新潟県の結婚式場ザ・ガーデンプレイス小林樓は、平成28年にチャペル・バンケットのリニューアル、既存の施設を神前式場とウェディングサロンとしてリノベーションし、グランドオープンしました。
今回のリニューアル・リノベーションを株式会社ディーアンドエスに依頼した経緯と評価について、支配人の川崎信幸氏にお話を伺いました。
— ザ・ガーデンプレイス小林樓は、どのような結婚式場でしょうか。
ザ・ガーデンプレイス小林樓は、今年で103年目になる結婚式場です。昭和30年代までは、政財界や一般の方々に宿泊や宴会、仏事、神事などができる料亭として幅広く利用されていました。先代の社長(現会長)が、昭和40年頃に庭園と建物を中心とした結婚式の運営を始めました。平成21年には、大規模な施設のリニューアルを行い、ザ・ガーデンプレイス小林樓に屋号を変更して結婚式場をメインとした運営となり現在に至っています。
小林樓 川崎支配人
— これまで小林樓では、どのようなリニューアル・リノベーションを行なってきたのでしょうか。

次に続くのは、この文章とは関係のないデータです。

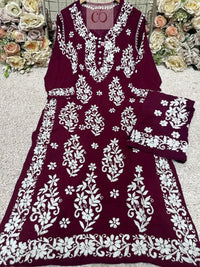Heavy Work Big Buta Modal Plazo set - Chikankari official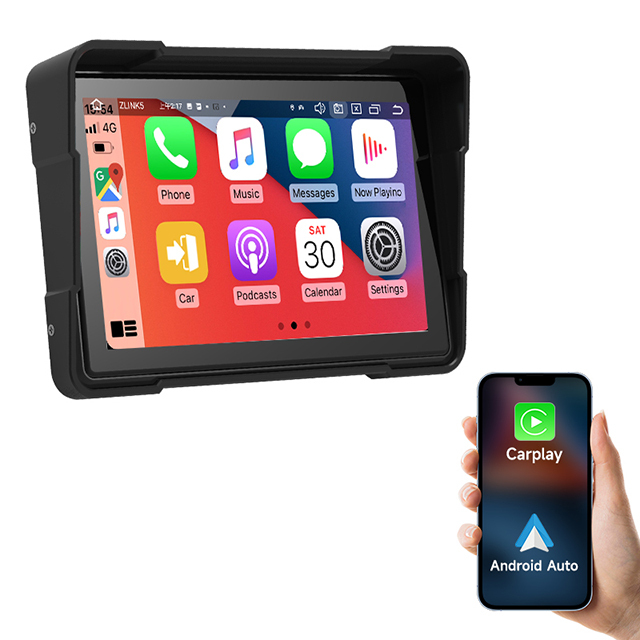 ZK-510 5  Inch Portable Motorcycle GPS Navigation Monitor Carplay Android Auto Waterproof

平成16年に起きた新潟県中越地震で当地区にも少なからず影響がありました。このときに四代目となる現社長が、危機感を抱き経営の根幹の部分から見直しを行い、結婚式をメインの事業にすえて運営できるように施設を改修したのが最初のリニューアルです。その後、平成27年に庭園にウッドデッキテラス設置、ライトアップができるようリニューアル、平成28年2月にウェディングサロンのリノベーション、平成28年9月にチャペル・バンケットのリニューアルと神前式場のリノベーションをしました。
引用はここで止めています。